We also saw some Eisa dancers and a lion dance.

(Greg took this one!)

Here's a photo of Greg and Denise posing with some girls dressed in traditional Okinawan kimonos. (These last two photos are compliments of Denise.)

Later in the week, Kevin went back to work. So I played tour guide for a day and took Greg and Denise to "Ryukyu Mura." This "village" attraction is designed to look like a traditional Okinawan village during the Ryukyu Kingdom. The village has several houses dating back to the era and even has live entertainment.

This is a photo I took of a "shisa" in front of one of the houses in "Ryukyu Mura."

This is a traditional water wheel.

This is all of us after we were entertained with a live "skit." Although I can speak Japanese, I had a hard time understanding them. Okinawa has its own language and it's completely indecipherable to me....

This is a photo of a traditional Okinawan-Ryukyu dance. I'm not sure what it's called.

We also read our fortunes (called "omikuji" in Japanese). Normally, if you receive a bad fortune you are supposed to tie them onto a tree (in this case, a house) so that your fortune doesn't come true. In this case, since all of us received good fortunes, we decided it would be best to tie them so that they WOULD come true.

Here's a photo of a water buffalo. During the Ryukyu kingdom, Okinawans used water buffalo to grind raw sugar cane plants into sugar. Brown sugar is still a very popular product here in Okinawa.

Here are some photos from our trip to Naha's Shurijo castle.

I think Greg and Denise really enjoyed their visit to Okinawa. They are now on their way to Tokyo and Kyoto (on the mainland) for a few days before they fly back to the States. I hope they are having a good time. :)


Friday, January 4, 2008

Part III of Dubai/Abu Dhabi

Here is the last and final chapter of our trip to Dubai/Abu Dhabi. I know there are 3 parts--but hey--we took a lot of pictures!!!

We had a great time in Dubai and Abu Dhabi, but our trip was far from complete. With just a few days left before we needed to head home to Okinawa, my parents came up with an idea to take Kevin and I to a really "exotic" location--the country of Oman.

Kev and I had never been there before and didn't realize that it wasn't too far from the UAE.
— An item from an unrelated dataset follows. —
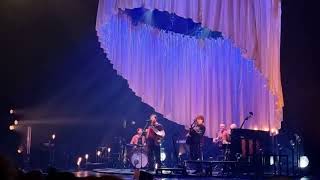 Un homme debout  Concert Claudio Capéo à Biarritz mars 2024 [upl. by Nnylatsyrc118]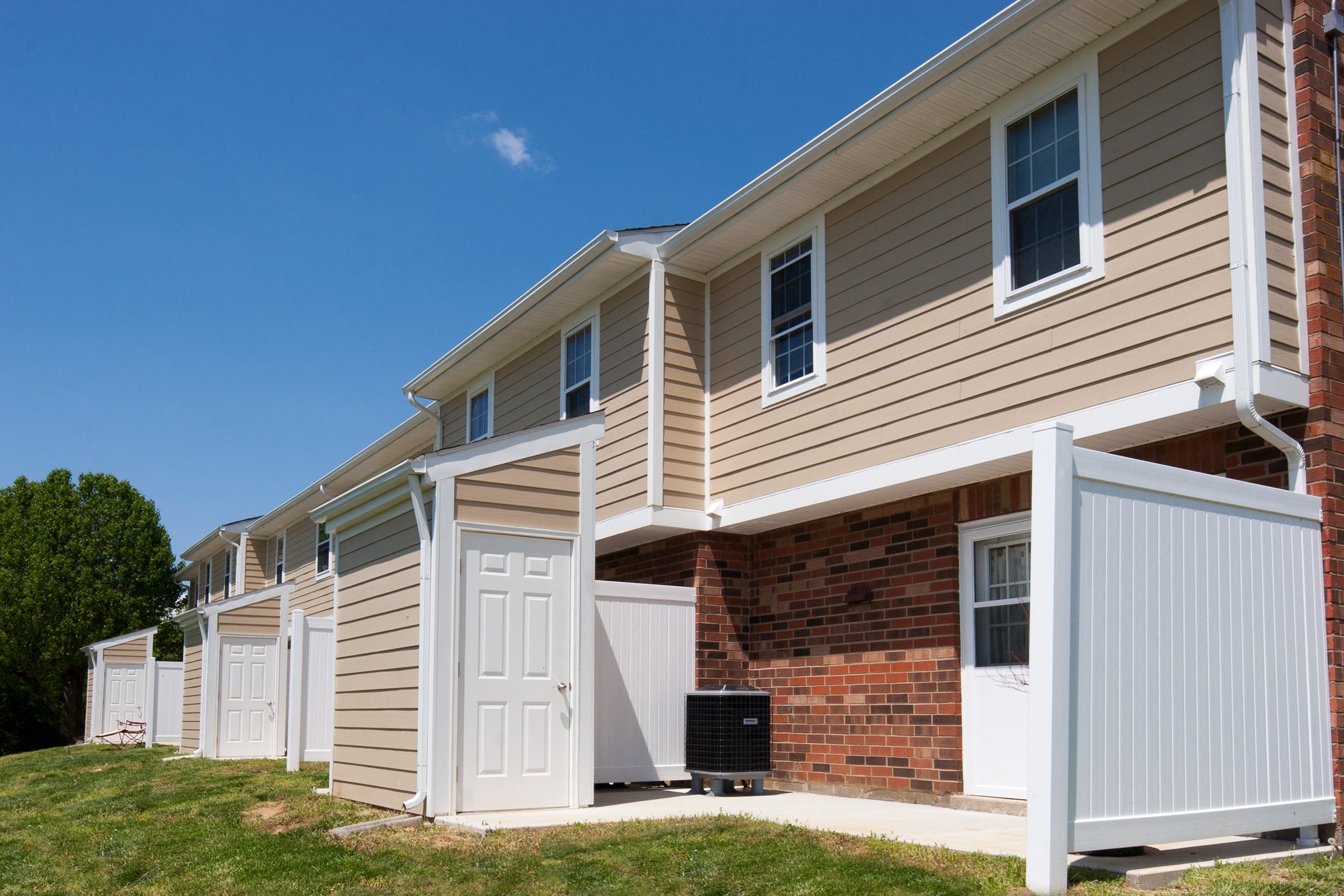 Photos and Video of Eminence Village Apartments in Eminence, KY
We got up bright and early at 5am and drove about 4 hours when we reached the UAE and Omani border. We showed our passports, paid our fees for our visas, and then drove further until we reached the Musandam penisula. Our aim was to reach the fishing village of "Khasab."
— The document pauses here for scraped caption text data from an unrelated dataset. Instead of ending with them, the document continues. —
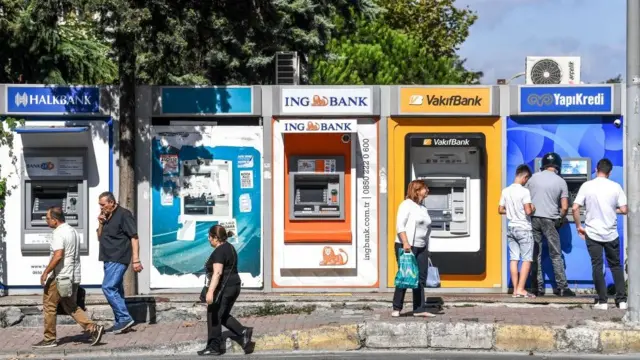 BDDK verilerine göre 13 haftalık, yıllıklandırılmış ve kur etkisinden arındırılmış kredi büyüme hızı yüzde 45'i aştı. Bunun iki temel nedeni var: Alım gücünün düşmesi ve enflasyonun yüksek olması. Ekonomist Derici Şengül, "Enflasyonun yarattığı talebi öne çekmek söz konusu, tasarruf etmektense parayı harcamak mantıklı" diyor.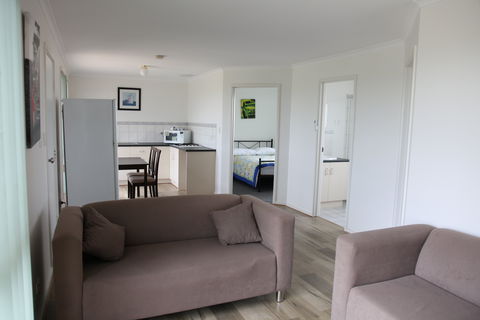 Tarnasey Farm - Pa's Place - Broome Tourism 2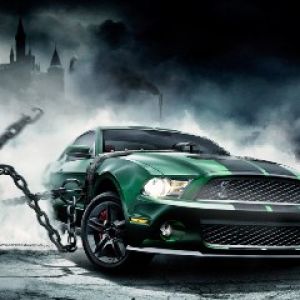 Zielony Mustang w Ciemnej Atmosferze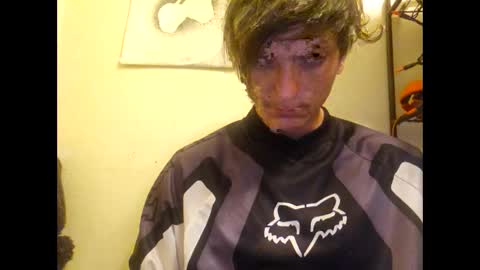 Snapshot of burntbuns710 chatting on 12.14.24 LostSingledad online show from 12.14.24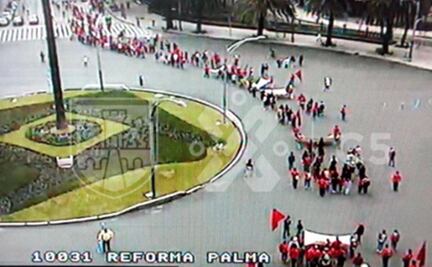 Manifestantes afectan vialidades en el centro capitalino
"Khasab" is a sleepy fishing village with beautiful views. Tourists from Oman and the UAE flock here to enjoy the Arabian sea and the mountainous cliff-like fjords that end right at the water's edge.

Once we reached "Khasab," we decided to take a boat trip on a "dhow"--a traditional Arab sailing vessel with one or more sails. I don't usually do too well on boats, but decided the view would be worth it.

The "dhow" had an open deck with carpet and cushions for us to sit on.

That's Mom, Dad, and me on the deck of our "dhow." It was a bit chilly, so that's why we are all bundled up. :)

During our 3 hour boat trip, we passed small little fishing villages. Hard to imagine that some of these villages have no land access. The only way you can get to these villages is by boat.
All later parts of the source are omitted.